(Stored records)
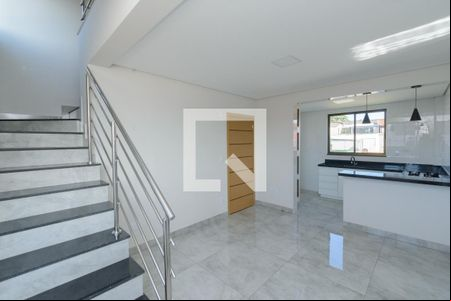Sala de apartamento para alugar com 3 quartos, 152m² em Eldorado, Contagem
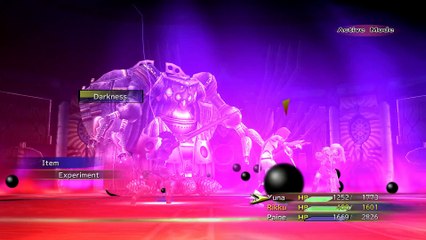 FINAL FANTASY X-2 REMASTER HD (104) THE EXPERIMENT & REPAIR MANUALS (CHAPTER 5)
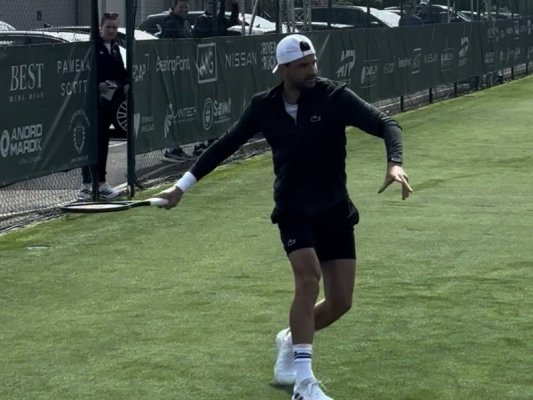 Grigor Dimitrov Çarşamba Günü Mallorca'da En Erken 18.30'da Kortta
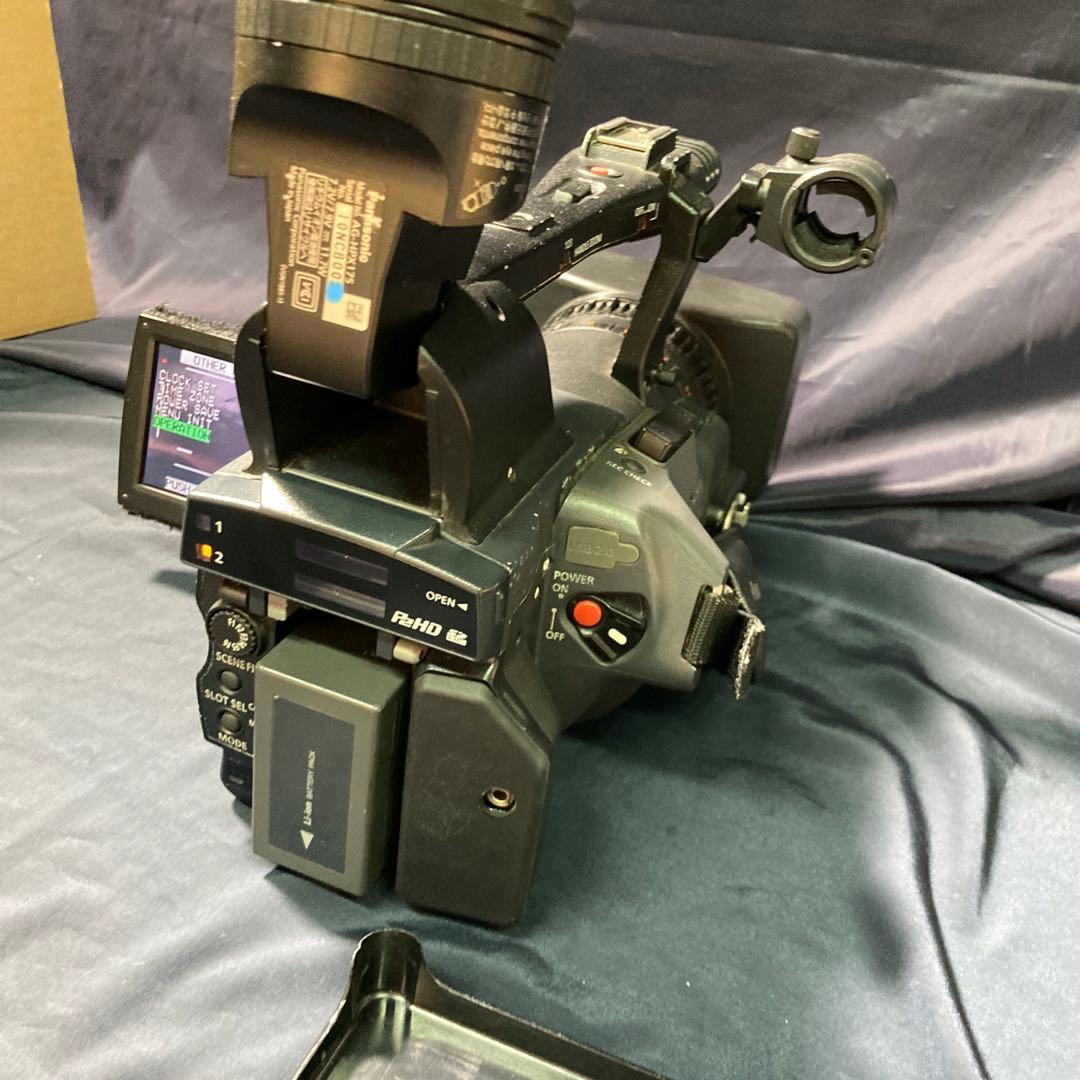ビデオカメラ Panasonic AG - hpx175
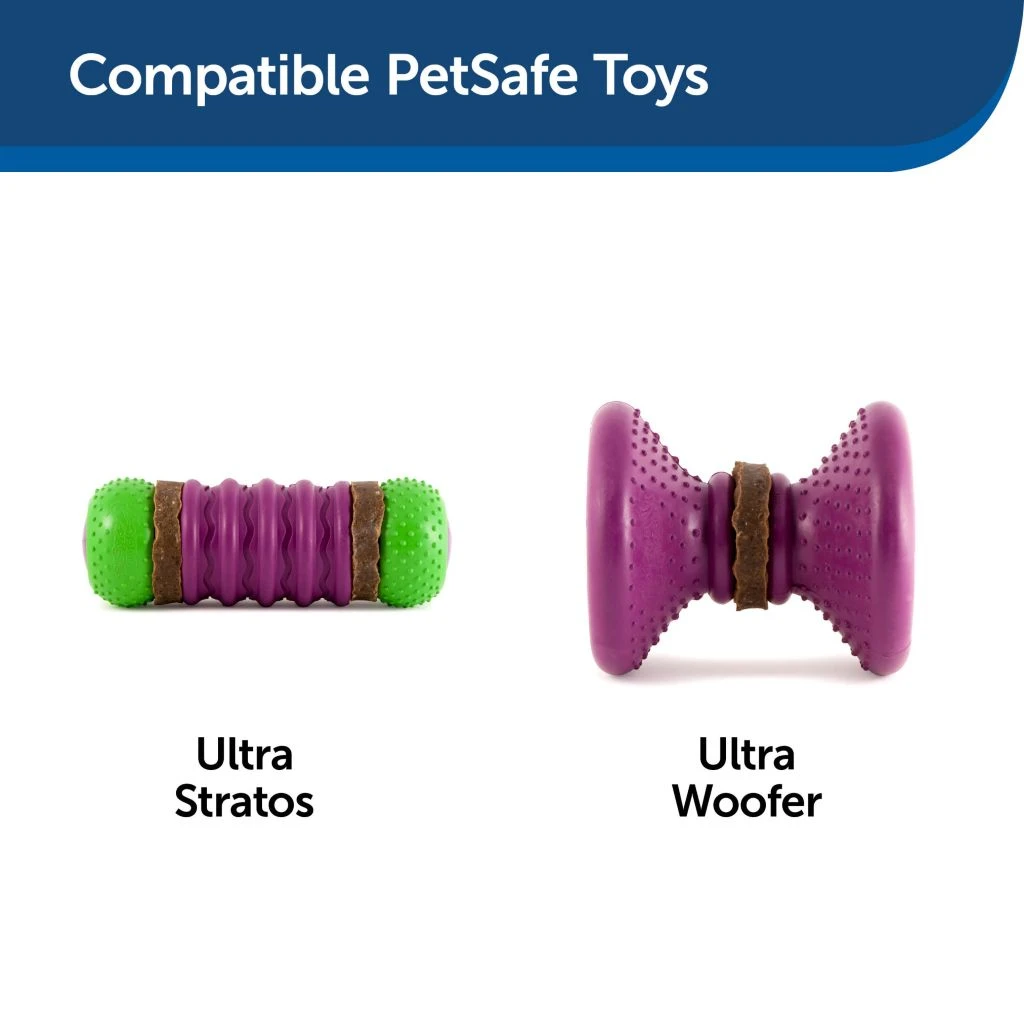 PetSafe Busy Buddy Ultra-Thick Natural Rawhide Dog Treats, Small - Image 5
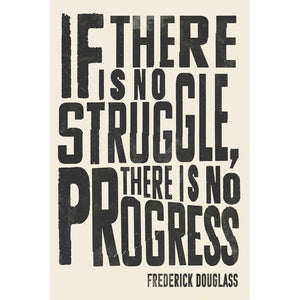 30" H x 20" W x 1.25" D Frederick Douglass Quote I by - Wrapped Canvas Textual Art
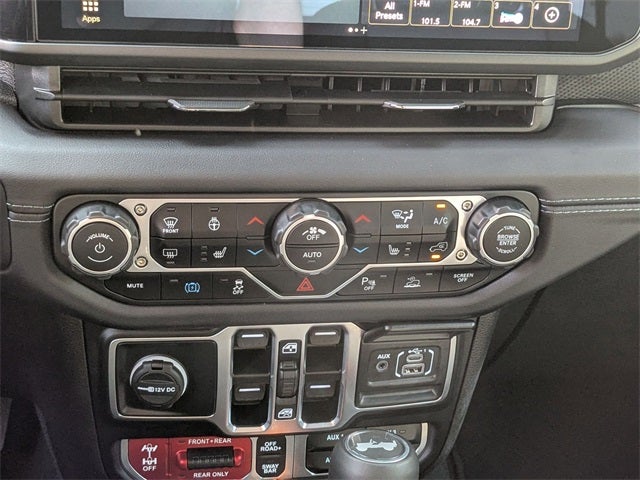 2025 Jeep Wrangler Rubicon 4xe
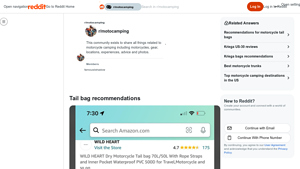 Wild Heart - Tail Bag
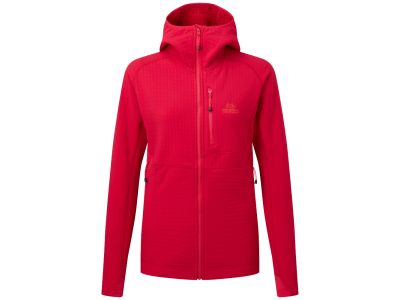 Mountain Equipment Shroud fleece women&#39;s sweatshirt, capsicum red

> **Exercise prompt**
Repeat the entries faithfully. Any picture gets left out.

> **Exercise output**
Sala de apartamento para alugar com 3 quartos, 152m² em Eldorado, Contagem
 FINAL FANTASY X-2 REMASTER HD (104) THE EXPERIMENT & REPAIR MANUALS (CHAPTER 5)
 Grigor Dimitrov Çarşamba Günü Mallorca'da En Erken 18.30'da Kortta
ビデオカメラ Panasonic AG - hpx175
 PetSafe Busy Buddy Ultra-Thick Natural Rawhide Dog Treats, Small - Image 5
 30" H x 20" W x 1.25" D Frederick Douglass Quote I by - Wrapped Canvas Textual Art
 2025 Jeep Wrangler Rubicon 4xe
 Wild Heart - Tail Bag
 Mountain Equipment Shroud fleece women&#39;s sweatshirt, capsicum red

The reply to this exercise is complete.